Data below
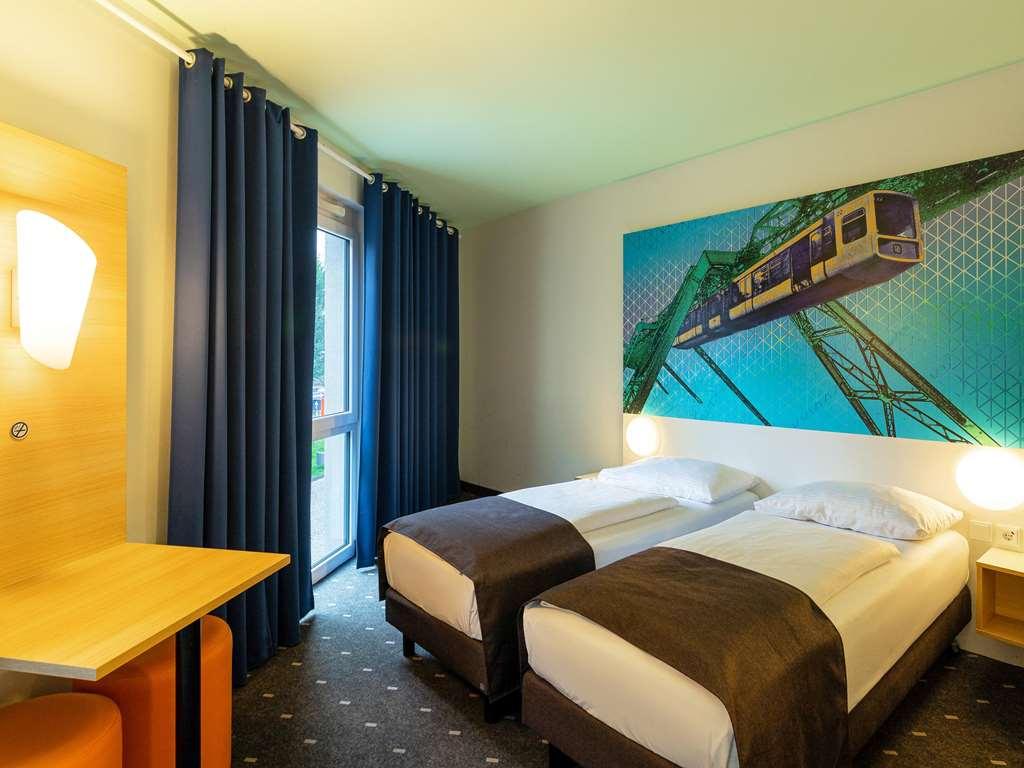 B&B Hotel Wuppertal City-Sud 객실 사진
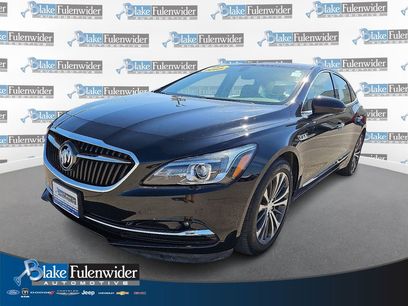Used 2017 Buick LaCrosse Essence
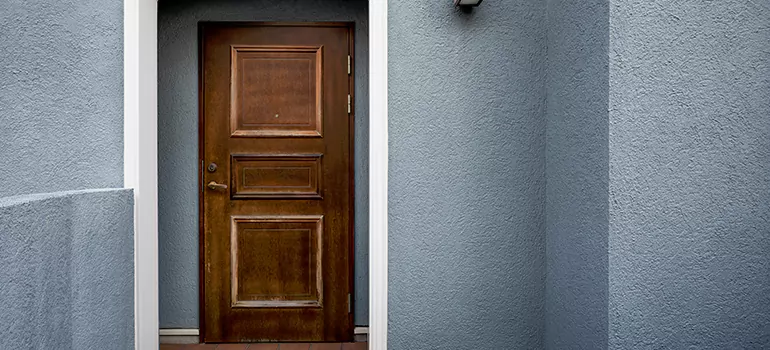 Burglar Proof Exterior Doors in Parry Sound, ON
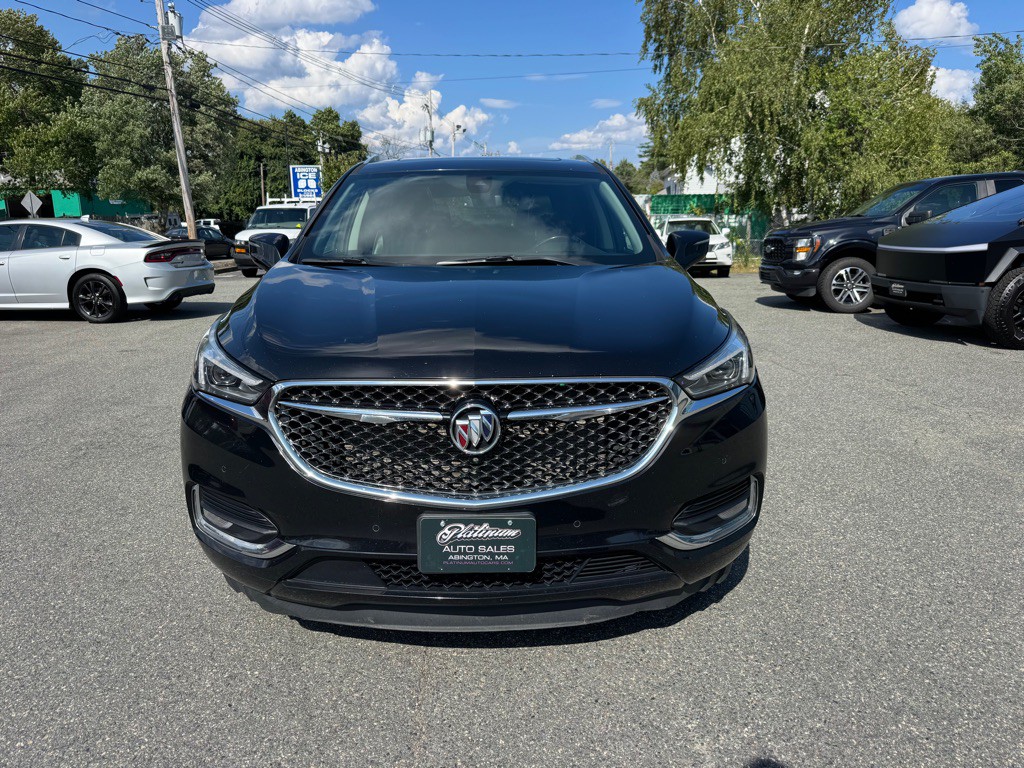 2020 Buick Enclave Image 3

Work order
What is needed is an exact copy of the lines from the line with "Used 2017 Buick LaCrosse Essence" to the end of the data above, both included, without any pictures.

Your response
Used 2017 Buick LaCrosse Essence
 Burglar Proof Exterior Doors in Parry Sound, ON
 2020 Buick Enclave Image 3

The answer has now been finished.